Foreign human-rights groups have noticed that many of the targets of prosecution are vulnerable types (like Pygmies, or even children), and nongovernmental organizations that exist to encourage the rule of law are embarrassed that the “law” in this case resembles the penal code of 17th-century Salem.
In response, the Central African parliament is considering striking the clause outlawing witchcraft from its books. The parliament is in Bangui, the capital, which sees far fewer witchcraft cases per capita. Even so, most lawyers I consulted there favored keeping the law intact, although they admitted that it fits uneasily in a modern legal system. “The problem is that in a witchcraft case, there is usually no evidence,” said Bartolomé Goroth, a lawyer in Bangui, who recently defended (unsuccessfully) a coven of Pygmies who had been accused of murder-by-witchcraft in Mbaiki. Goroth said the trials generally ended with an admission of guilt by an accused witch in exchange for a modest sentence. I asked how one determined guilt in cases where the alleged witches denied the charges. “The judge will look at them and see if they act like witches,” Goroth said, specifying that “acting like a witch” entailed behaving “strangely” or “nervously” in court. His principal advice to clients, he said, was to act normally and refrain from casting any spells in the courtroom.

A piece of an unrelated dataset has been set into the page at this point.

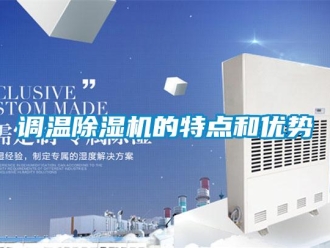 企業新聞調溫除濕機的特點和優勢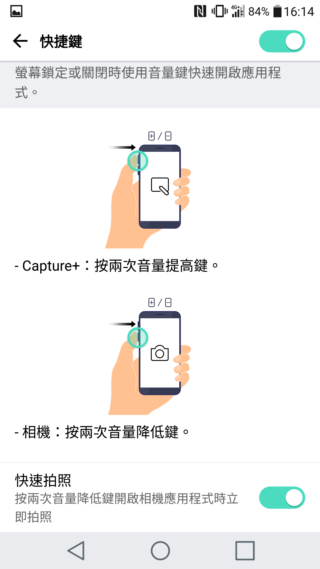 LG G5 模組化+金屬旗艦機 市售版本再測試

Goroth argued that the legal system could not ignore a social fact as firmly embedded as witchcraft is in the republic. And every other lawyer I met not only supported its criminalization, but seemed to believe in the reality of shape-shifting and killing with magic spells. More than one pointed to the elbow when referring to witchcraft, indicating the site in the body where sorcery is said to reside.
I visited Mbaiki’s sole foreign nongovernmental organization, an Italian group called COOPI that exists to promote human rights and the rule of law. The two employees there were both educated Central Africans; the Italian running the office had gone home for a holiday, leaving them in the steaming office with her purring computer and a small stack of Italian books, a translation of The Celestine Prophecy on top.
They acknowledged that the rights of the accused are violated regularly in witchcraft prosecutions, because the charge carries enormous pressure to confess. But they, too, supported keeping the laws on the books, for pragmatic reasons: if people thought witches could hex with impunity, mobs would simply seize the alleged offenders, bring them to a pit, and bury them alive. One said, “If we do not apply laws against PCS, we will apply lex talionis.” That is, the rule of an eye for an eye, as preached in the Bible.